The governor has called for the implementation of the nation’s highest per-user electronic tolling network for Connecticut, on top of a 7-cent per-gallon increase in the state gas tax and a brand-new 3-dollar per-tire tax. Talk about crippling our state and forcing people, businesses and jobs out in droves! On the heels of lower revenues that 7-years of one tax increase after another, we all need to shout “NO WAY and NO MORE!” loud enough to shake the state capitol.

In total, this would become the largest effective tax increase in Connecticut history. By a lot. At the same time, this lame duck governor makes no mention of reforming government to become more efficient or doing more with less, like the rest of us do in our own personal finances. This is crazy.

Let me demonstrate just how crazy by using my wife and I as examples. I work in Hartford and would pass under 9 toll-gantries each way on I-84 for a daily net toll of $9.00, 150-times a year for a whopping $1,350, plus an additional $38 in new gas tax. My new individual tax burden is about $1,380, not including tire taxes. Luisa would pass under 5 toll-gantries each way on I-84 for a daily net toll of $5.00, 250-times a year for $1,250, plus an additional $45 in new gas tax. Her new individual tax burden will be $1,395. That’s $2,645 for a middle-class couple to go to work. Now, add the tolls we’ll pay to shop or visit friends and family in a state where EVERY limited-access highway will be tolled. Route 7 to Stew Leonard’s or Costco. Route 8, I-91, I-691, I-95, I-395, Route 3, Route 9, Route 71…You get the message. We’re a mobile family and all this will add up to a cool $4,000 a year, not including the burden on our kids, who both drive and, are questioning whether they can afford to live in Connecticut much longer.

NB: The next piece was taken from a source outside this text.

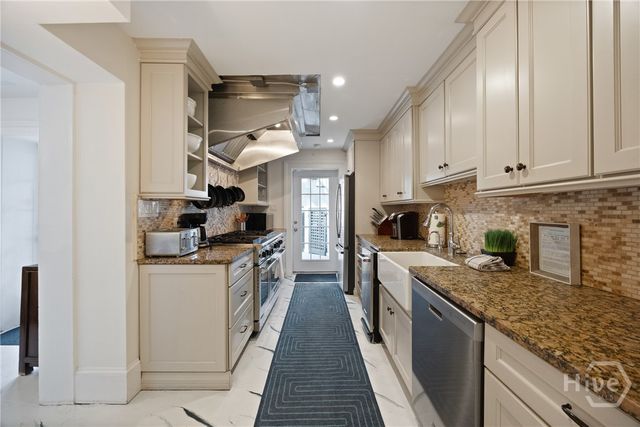 512 Tattnall Street, Savannah, GA 31401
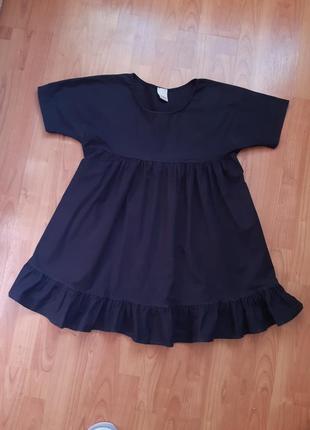 Маленькое хлопковое чёрное платье с воланом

Some of you have told me you’re okay with tolls. Perhaps if they were not killer-tolls, we could agree, but this plan may be the end of Connecticut, as we know it. Seriously. If you believe as I do that Connecticut is the most wonderful place in our nation but could be better and more thriving if made more affordable, you may also agree that it’s worth fighting for. We have an unchecked spending problem in Connecticut, not a revenue problem. Republicans and Democrats together killed a similar proposal in 2017 because there is a clear path to making critical infrastructure improvements without hitting the wallets of taxpayers. It starts with fiscal responsibility in Hartford and structural changes to make our state government more efficient and focused on serving us, not the special interests.

Our gas and other taxes have long been siphoned away from the Special Transportation Fund for years to pay for special interests’ and friends of career politicians in Hartford, not for transportation spending. That’s why the fund is almost insolvent. Do you trust these folks to not continue sweeping the record monies they want to take from your household for something other than our roads?

I will continue to fight like heck for you and a return to affordability in Connecticut but, the stakes are too high to leave anything to chance or to back-room deals. Please, be engaged. Be angry. Be very angry. Demand accountability. Do not allow this governor and his legislative colleagues to hit you with another monster tax increase. Let’s shake the Capitol with shouts of “NO WAY and NO MORE!”